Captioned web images
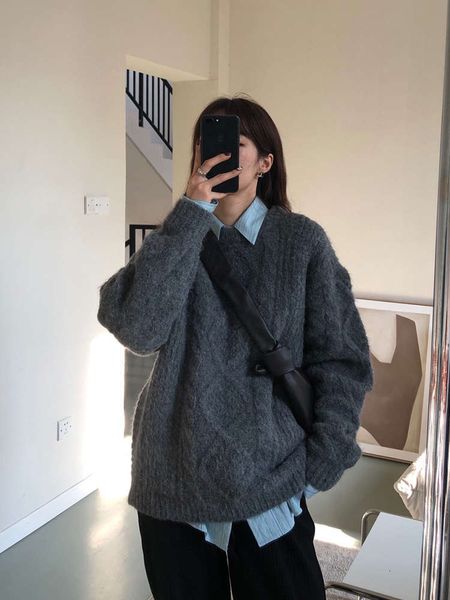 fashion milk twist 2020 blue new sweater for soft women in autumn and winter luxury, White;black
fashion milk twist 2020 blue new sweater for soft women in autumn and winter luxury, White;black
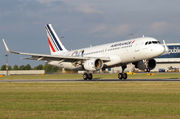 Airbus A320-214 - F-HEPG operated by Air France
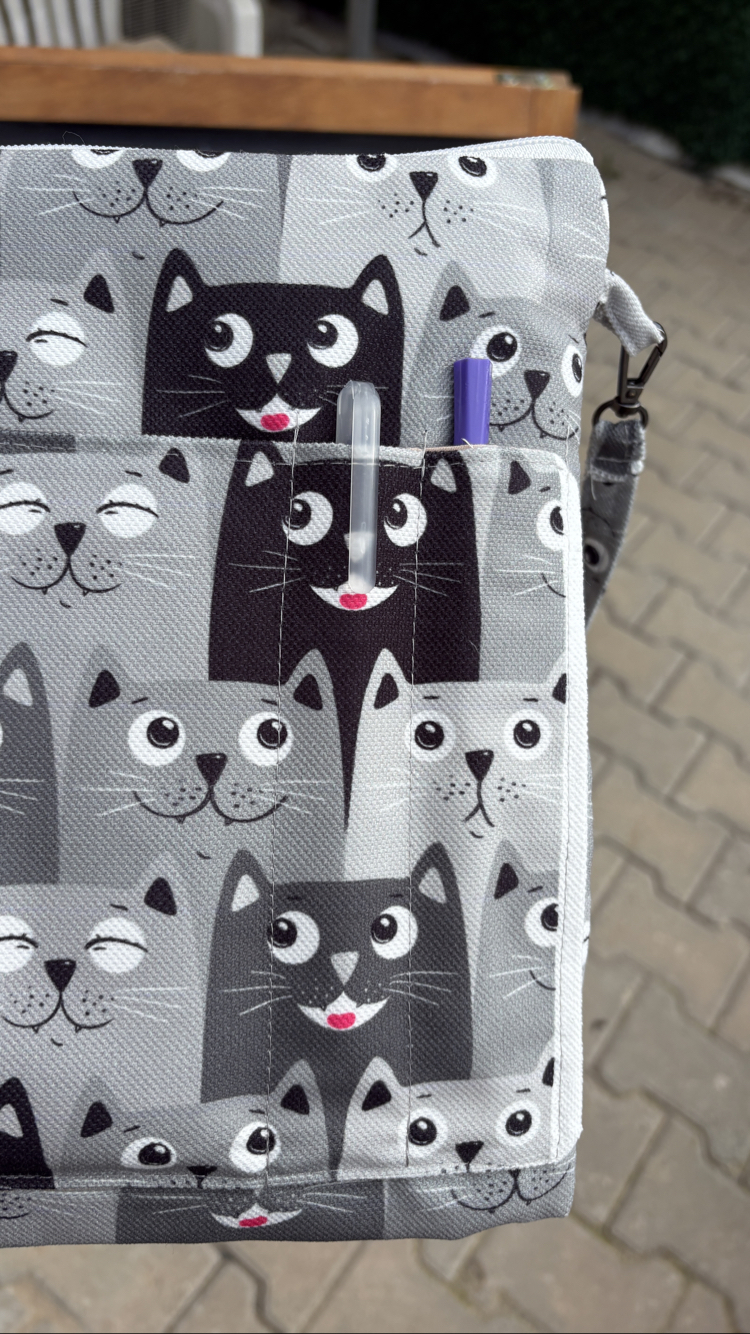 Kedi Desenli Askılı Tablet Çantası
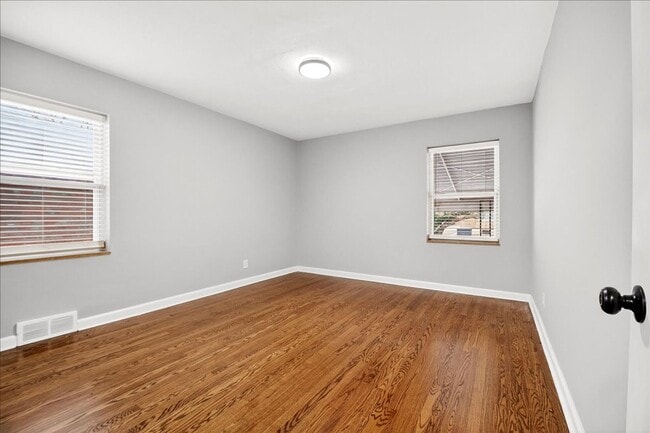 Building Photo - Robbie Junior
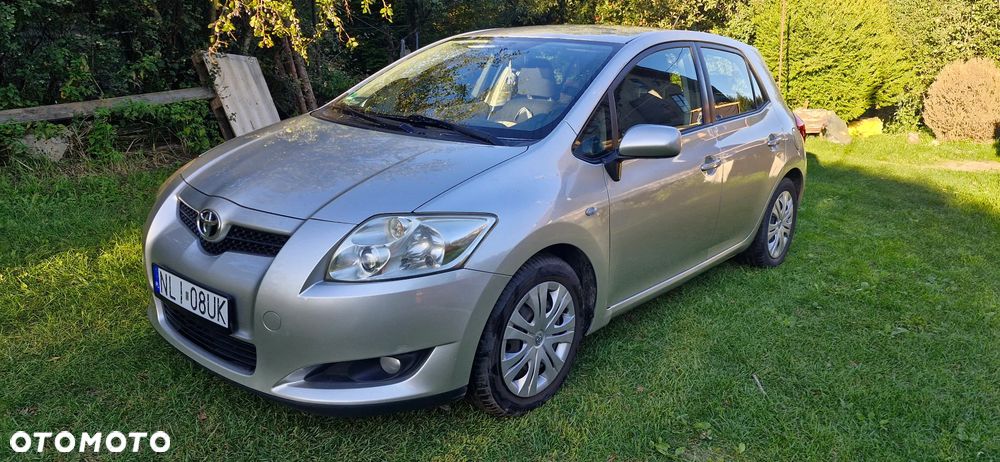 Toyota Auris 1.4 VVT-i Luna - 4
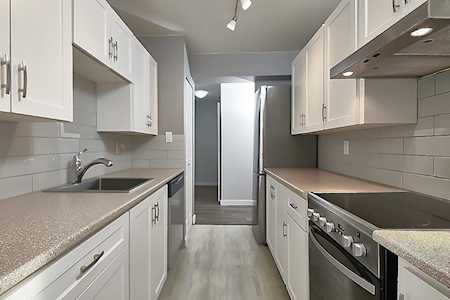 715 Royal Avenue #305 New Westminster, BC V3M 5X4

==

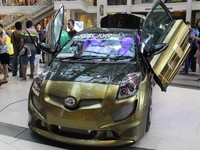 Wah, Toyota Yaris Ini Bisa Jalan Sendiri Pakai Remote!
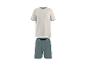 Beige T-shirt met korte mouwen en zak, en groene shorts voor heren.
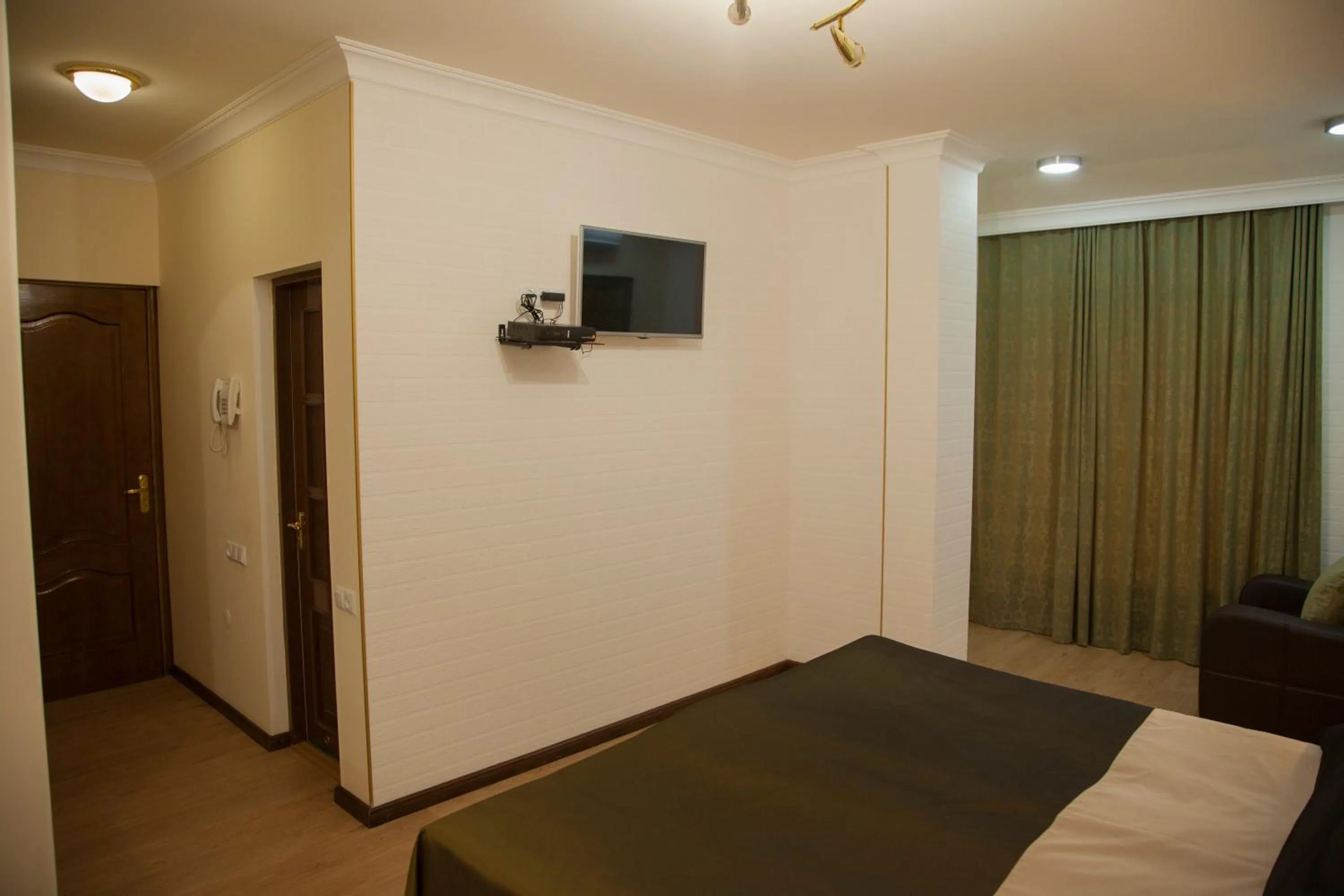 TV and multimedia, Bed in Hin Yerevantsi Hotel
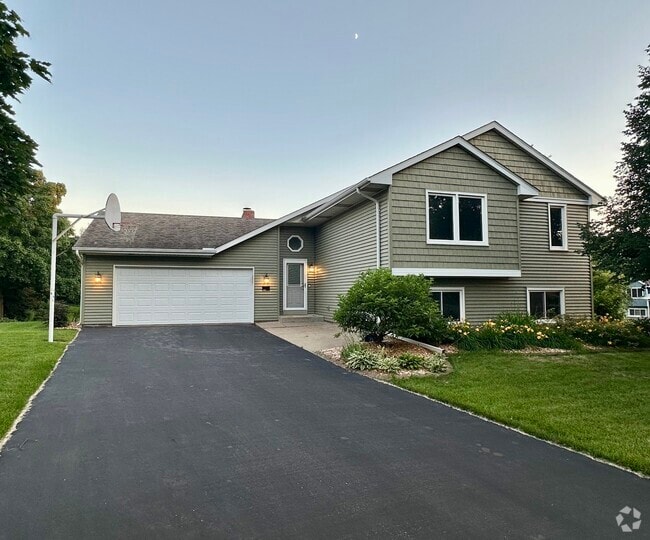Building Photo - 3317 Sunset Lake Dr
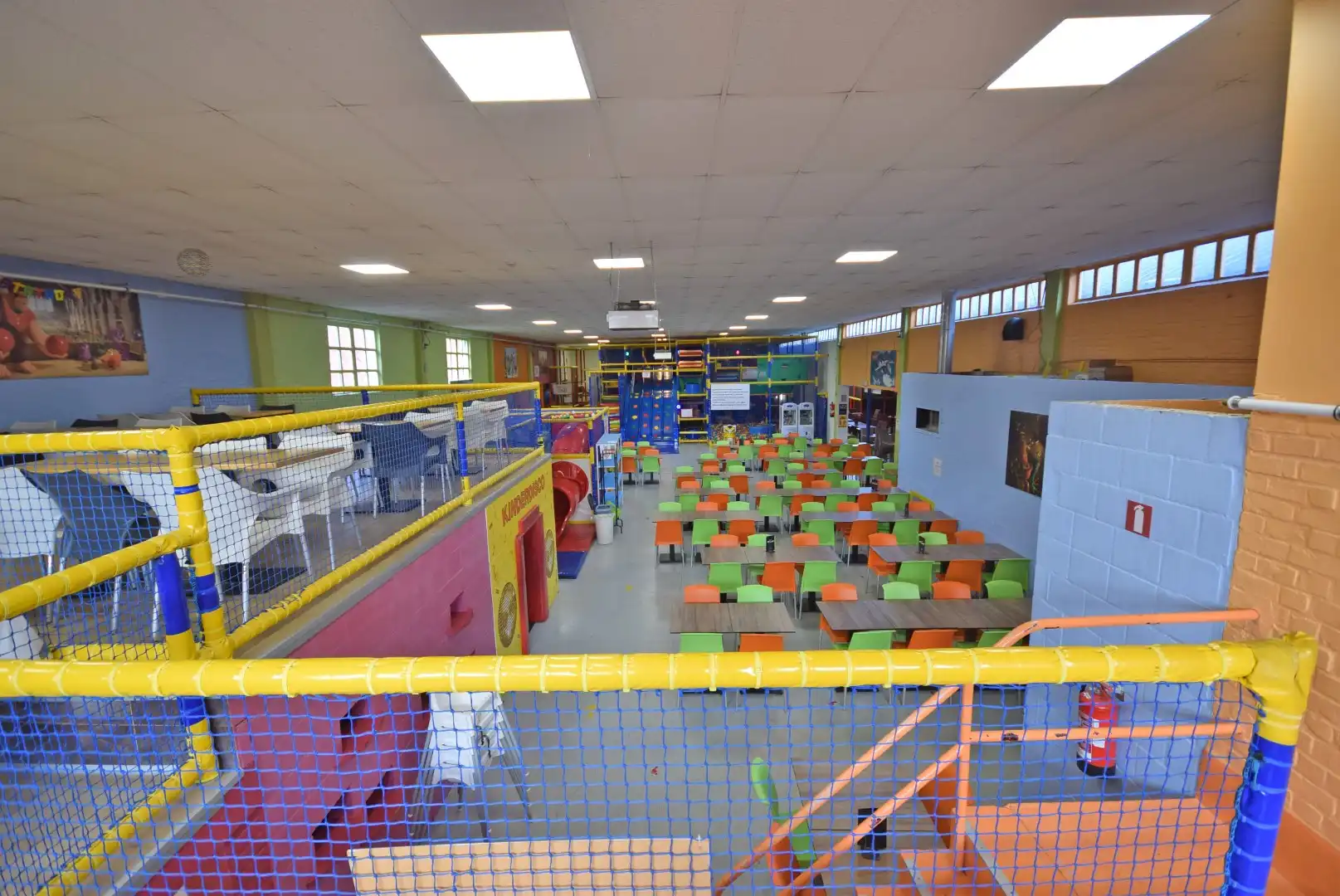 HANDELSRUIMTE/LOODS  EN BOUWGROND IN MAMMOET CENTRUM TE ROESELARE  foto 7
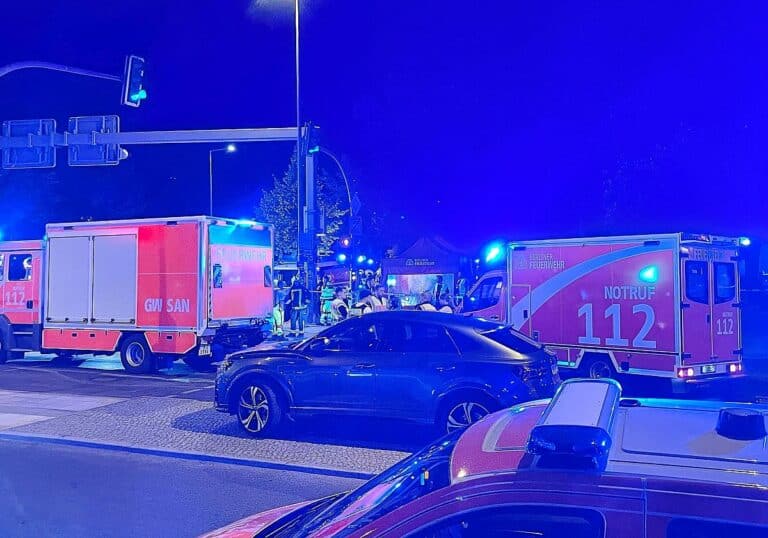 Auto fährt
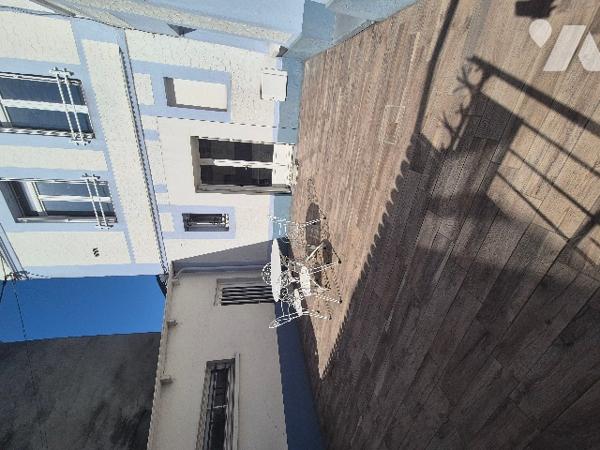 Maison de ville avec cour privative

## Instructions to follow
Using the entries above, repeat exactly the lines from the one with "Toyota Auris 1.4 VVT-i Luna - 4" to the one with "715 Royal Avenue", both included, and leave the pictures behind.

## Solved problem
 Toyota Auris 1.4 VVT-i Luna - 4
 715 Royal Avenue #305 New Westminster, BC V3M 5X4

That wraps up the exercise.